Short web captions:
━━━━━━━━
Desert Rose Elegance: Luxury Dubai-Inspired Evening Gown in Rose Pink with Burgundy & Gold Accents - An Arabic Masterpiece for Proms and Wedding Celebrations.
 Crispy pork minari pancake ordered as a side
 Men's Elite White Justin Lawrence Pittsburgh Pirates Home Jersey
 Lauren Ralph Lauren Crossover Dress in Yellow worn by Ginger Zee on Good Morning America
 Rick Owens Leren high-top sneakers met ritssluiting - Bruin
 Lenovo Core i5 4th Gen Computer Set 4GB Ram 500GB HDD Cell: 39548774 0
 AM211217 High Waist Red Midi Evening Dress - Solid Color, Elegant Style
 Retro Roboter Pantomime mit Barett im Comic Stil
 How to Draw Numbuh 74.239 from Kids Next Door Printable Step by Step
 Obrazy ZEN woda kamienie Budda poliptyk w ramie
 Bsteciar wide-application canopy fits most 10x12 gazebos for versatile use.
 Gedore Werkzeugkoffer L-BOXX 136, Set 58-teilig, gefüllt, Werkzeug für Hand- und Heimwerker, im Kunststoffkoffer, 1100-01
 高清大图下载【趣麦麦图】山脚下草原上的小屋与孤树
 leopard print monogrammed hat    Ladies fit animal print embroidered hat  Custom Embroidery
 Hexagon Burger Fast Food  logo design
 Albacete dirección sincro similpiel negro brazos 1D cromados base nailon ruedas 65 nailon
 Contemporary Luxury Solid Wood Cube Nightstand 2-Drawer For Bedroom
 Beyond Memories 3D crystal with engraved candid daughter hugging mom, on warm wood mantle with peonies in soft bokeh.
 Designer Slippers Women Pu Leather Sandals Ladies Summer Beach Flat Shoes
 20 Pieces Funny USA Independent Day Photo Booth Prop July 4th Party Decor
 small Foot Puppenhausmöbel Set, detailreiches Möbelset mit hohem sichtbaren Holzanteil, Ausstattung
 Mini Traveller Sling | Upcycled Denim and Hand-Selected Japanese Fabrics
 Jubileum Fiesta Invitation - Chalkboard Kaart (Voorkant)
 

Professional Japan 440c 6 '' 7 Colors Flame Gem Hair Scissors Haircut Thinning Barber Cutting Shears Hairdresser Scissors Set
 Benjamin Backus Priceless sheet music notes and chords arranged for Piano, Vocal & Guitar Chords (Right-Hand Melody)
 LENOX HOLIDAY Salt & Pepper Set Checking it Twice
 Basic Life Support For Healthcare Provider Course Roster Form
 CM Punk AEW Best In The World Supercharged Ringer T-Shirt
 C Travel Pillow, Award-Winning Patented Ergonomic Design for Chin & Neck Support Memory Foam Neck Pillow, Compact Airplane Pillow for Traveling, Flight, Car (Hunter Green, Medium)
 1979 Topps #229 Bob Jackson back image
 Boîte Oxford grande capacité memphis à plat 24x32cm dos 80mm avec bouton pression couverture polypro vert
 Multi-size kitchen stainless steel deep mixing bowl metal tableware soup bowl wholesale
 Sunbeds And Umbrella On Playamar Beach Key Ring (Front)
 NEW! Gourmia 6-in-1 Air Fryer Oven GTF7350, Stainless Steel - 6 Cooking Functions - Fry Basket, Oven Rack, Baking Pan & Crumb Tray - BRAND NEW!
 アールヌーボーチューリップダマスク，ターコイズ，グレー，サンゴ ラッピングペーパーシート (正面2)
━━━━━━━━
Return the entries above unchanged, starting at the first line and stopping after the line with "Crispy pork minari pancake ordered as a side".

Desert Rose Elegance: Luxury Dubai-Inspired Evening Gown in Rose Pink with Burgundy & Gold Accents - An Arabic Masterpiece for Proms and Wedding Celebrations.
 Crispy pork minari pancake ordered as a side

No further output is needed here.